Виталий Аверьянов напрасно в некоторых статьях делает реверансы «Русскому вестнику», «Радонежу». Он — автор совсем другой школы, дугинско-джемалевской закваски.
С почти томистской интеллектуальной методичностью он стремится обосновать, что из определенного типа православной веры и церковного опыта (близкого к опыту старообрядчества) с непреложностью в политической сфере должен образовываться консерватизм, причем тоже особого типа. Этот консерватизм просто эманирует свою политическую волю как божественный свет в мертвую материю… С этим вряд ли надо серьезно полемизировать, поскольку перед нами не политический, а «художественный» проект.

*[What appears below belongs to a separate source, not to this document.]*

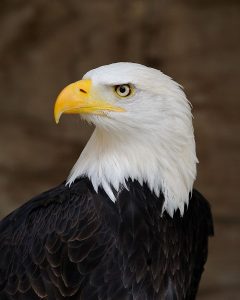 Adult bald eagle with fully white head and completely yellow beak.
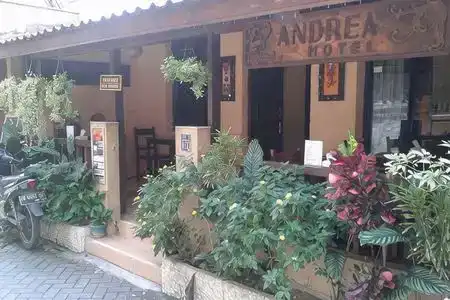 Andrea - 3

Политолог Константин Костюк, на мой взгляд, совершенно точно отметил, что «традиционалисты-романтики» аверьяновского типа проскакивают, минуя модерн, прямиком в постмодерн.
Если мы сегодня попытаемся занять, к примеру, мировоззренческую позицию Константина Леонтьева, безусловно, умнейшего и чуткого консерватора конца прошлого века, и станем «проецировать» его позиции на реалии сегодняшнего мира, то, по существу, это будет лишь «игровой» позицией. «Традиционалисты» московской интеллектуальной богемы являются постмодернистами в силу того, что «традиция» или, например, «классический консерватизм» превращаются ими в своего рода художественный прием.
Перед человеком, живущим в конце нынешнего столетия, стоит сложная проблема: как увязать несомненные ценности свободы и неизбежность жить и действовать в постсовременности, т. е. в мире с кардинальными переменами, с верой, которая носит универсальный характер.
Бытие традиции, бытие универсального знания — это очень напряженная проблема в эпоху «постсовременности», и, конечно, ее нельзя решить, притворившись Константином Леонтьевым или Шатобрианом.
Иначе говоря, для социолога, который смотрит на события по оси домодерн (архаика) — модерн — постмодерн (постсовременность), люди, которые с полной увлеченностью надевают военную форму 14-го года, самодельные георгиевские кресты и ходят с хоругвями по скверу у Всехсвятского храма — это «постмодернисты». Сами про себя они думают, что возрождают традицию в ее «аутентичности», хотя в действительности они делают нечто прямо обратное.
У нас ведь нет претензий к тем, кто играет ежегодно на Бородинском поле, достигая все большой точности в деталях воспроизведения амуниции 1812 года. Это сознательные «постмодернисты». И совсем другое дело, когда в сфере социально-политической «проекции» христианства появляется высокий пафос. Леонтьева можно любить, можно восхищаться тем, как он стремился мобилизовать все ресурсы для того, чтобы построить бастион аристократического до-модерна, но обосноваться в этом бастионе сегодня можно только «виртуально».
Уже в середине ушедшего десятилетия политологическое сообщество сошлось в поддержке одного важного пункта: не так важно, кто у нас победил на выборах — социалист или неоконсерватор, а важно, удастся ли ему структурировать разные уровни общественной поддержки и самосознания. Удастся ли развернуть свой имидж, порожденный мутными народными ожиданиями в политическую философию, которая сможет стать системной, современной и действовать дольше, чем имидж отдельно взятого политика. В этом плане неоконсерватизм Путина является многообещающим и его дальнейшая артикуляция и восприятие на разных уровнях общества — очень интересный и важный процесс. В этой сфере лежит реальная проблематика консерватизма сегодня.